I don't have first hand expierence in that kind of climate, so I'll share some of my observations and ideas and hope you can take what's useful for you and ignore the rest.  You know your climate best.  


Our dry season is from the first of may (or before) through the middle of october (last possible frost to first possible frost).  Dry season means zero rainfall and wet season doesn't get much.  If it wasn't for intermittent wet wet seasons, we would be classified a desert.  We've only done a few smaller experiments so far, but are working on a larger one.  

The raised ones tend to dry out after four or five months of zero rain.  If they can get a shower in there, it's much better.  Once they dry all the way through, it takes a lot of extra rain to moisten the soil.  (about the amount of rain that would reach four inches into the regular soil - which is about new years on our farm).  To reduce this, we found a combination of spunky, fresh, and dry logs helps a lot.   We also semi-submerged our big experiment as this seems to reduce drying.

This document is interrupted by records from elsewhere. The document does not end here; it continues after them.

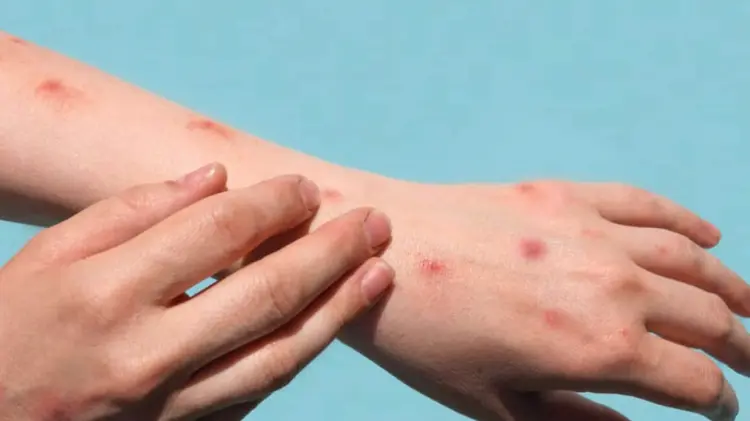Jalisco es la segunda entidad con más casos de Mpox. (Foto: Especial / EXPRESO)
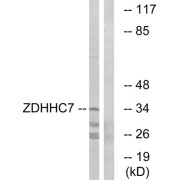 Western blot analysis of extracts from HUVEC cells, using ZDHHC7 antibody.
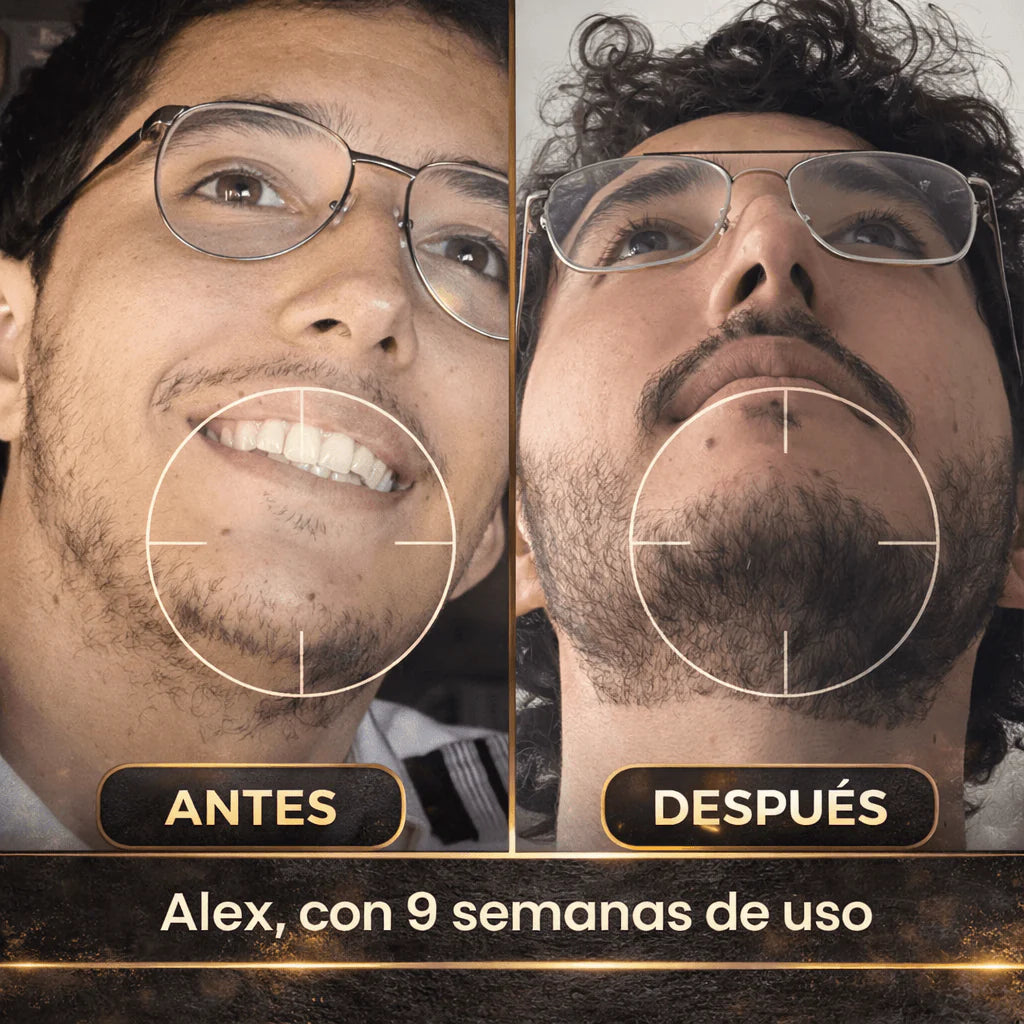 🔥 Bálsamo Estimulante de Barba Apolo – Activa una Barba Más Cerrada y con Más Presencia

Although this early experiment of a raised version did well with very little irrigation.  But it did need some.  https://permies.com/t/68883/permaculture/keyhole-garden-summer-drought

The other thing we found most helpful is to start building just before the rainy season and add to it until just before summer starts and cover it up.  This extra moisture in the building phase seems give it a better start and need less attention later.  

I don't have first hand expierence with snow melt, but I think it adds ground moisture which sounds useful.  

The extra wind and two months of no rain, seems like a good time to add mulch just before it starts to help keep the moisture in.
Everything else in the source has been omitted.